Induction proof: $\dbinom{2n}{n}=\dfrac{(2n)!}{n!n!}$ is an integer.

Question

Prove using induction: $\dbinom{2n}{n}=\dfrac{(2n)!}{n!n!}$ is an integer.

I tried but I can't do it.

Answer 1

This is one instance of a strange phenomenon: proving something seemingly more complicated makes things simpler.

Show that $\binom{n}{k}$ is an integer for all $0\leq k\leq n$, and that will show what you want. To do so, show by induction on $n$ that $$\binom{n+1}{k}=\binom{n}{k}+\binom{n}{k-1}.$$

Answer 2

We could cheat and prove a more general result. Suppose that for all $k$ with $-\le k\le n$, the binomial coefficient $\binom{n}{k}$, or more properly $\frac{n!}{k!(n-k)!}$ is an integer. Then from the easily verified "Pascal" identity $$\binom{n+1}{j}=\binom{n}{j}+\binom{n}{j-1},$$ the desired result holds for $\binom{n+1}{j}$ for all $j$ with $0\le j\le n+1$.

Of course we should not use binomial coefficient notation, and should instead manipulate factorials. So the Pascal identity should be proved the clumsy way, not by using its definiton in terms of "choosing."

Answer 3

Here I've assumed that $\binom{2n}{n+1}$ is an integer for the proof...

We induct on two things: $1)$ $n+1 \mid \binom{2n}{n}$ and $2)$ $\binom{2n}{n}$ is an integer.

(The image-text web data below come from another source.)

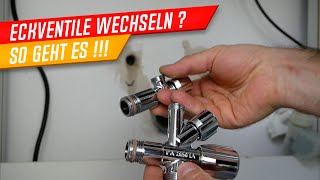 Eckventil austauschen Kombi Eckventil montieren Aquastop Eckfix Handwerkskönig [upl. by Nawat]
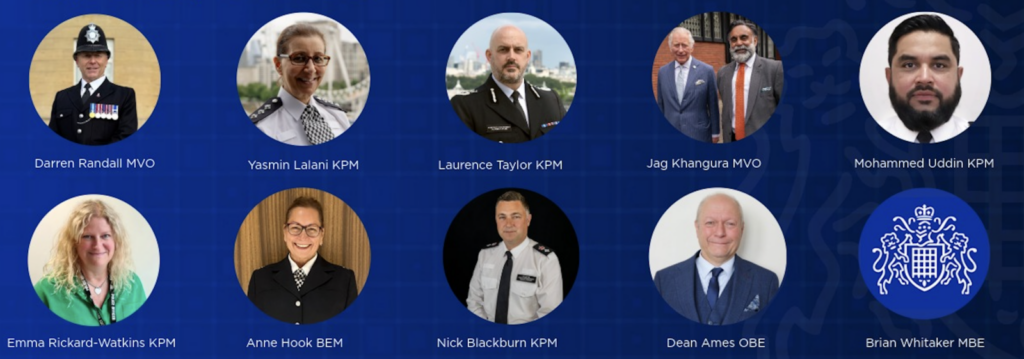 Ten Metropolitan Police Officers Recognised in King’s Birthday Honours for Public Protection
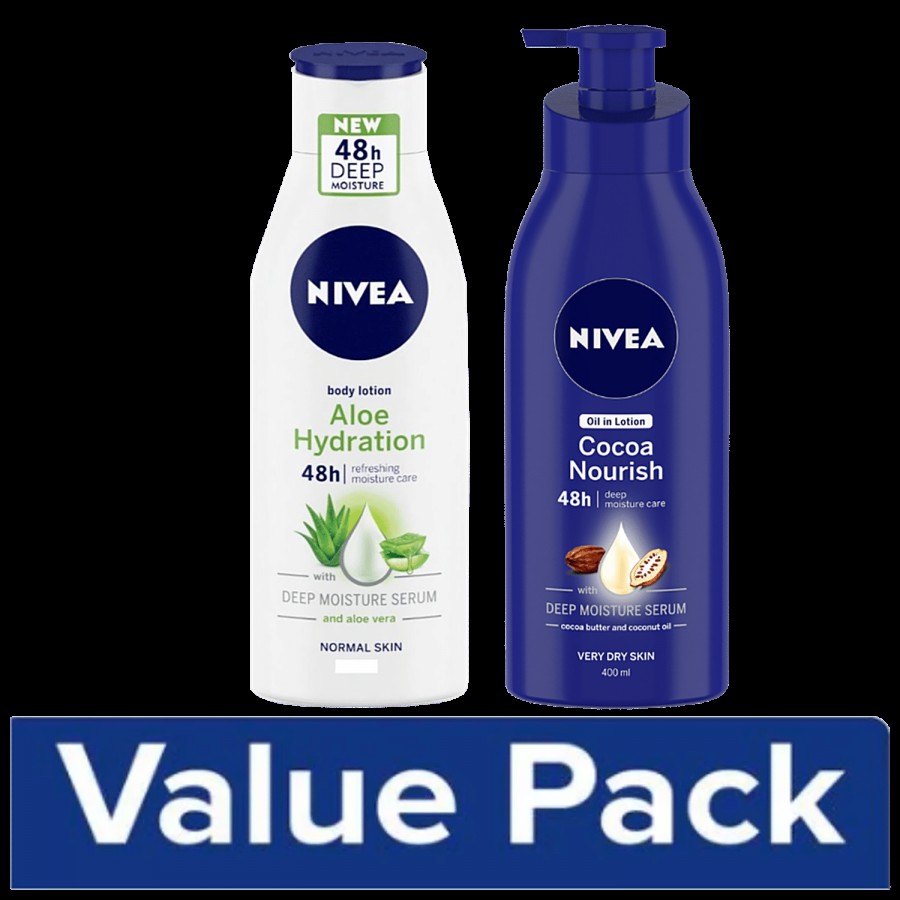 NIVEA Aloe 200ml+Cocoa Nourish 400 ml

These are both easily checked for $n=1,$ so now we assume it holds for $n-1$. Then for $\binom{2n}{n} = \frac{(2n)!}{n!n!} = \frac{(2n-2)!(2n-1)(2n)}{(n-1)!(n-1)! n^2} = \binom{2n-2}{n-1}\frac{2(2n-1)}{n},$ we have by the inductive hypothesis that $n$ divides $\binom{2n-2}{n-1},$ so we are done. Now it suffices to show that $n+1 \mid \binom{2n}{n},$ but this follows from $\frac{n}{n+1}\binom{2n}{n} = \binom{2n}{n+1},$ so we are done.

Answer 4

Check out this question, as $$ \binom{n}{k} = \frac{n^{\underline{k}}}{k!} $$ where $u^{\underline{k}} = u (u - 1) \ldots (u - k + 1)$, this implies that all binomial coefficients are integers.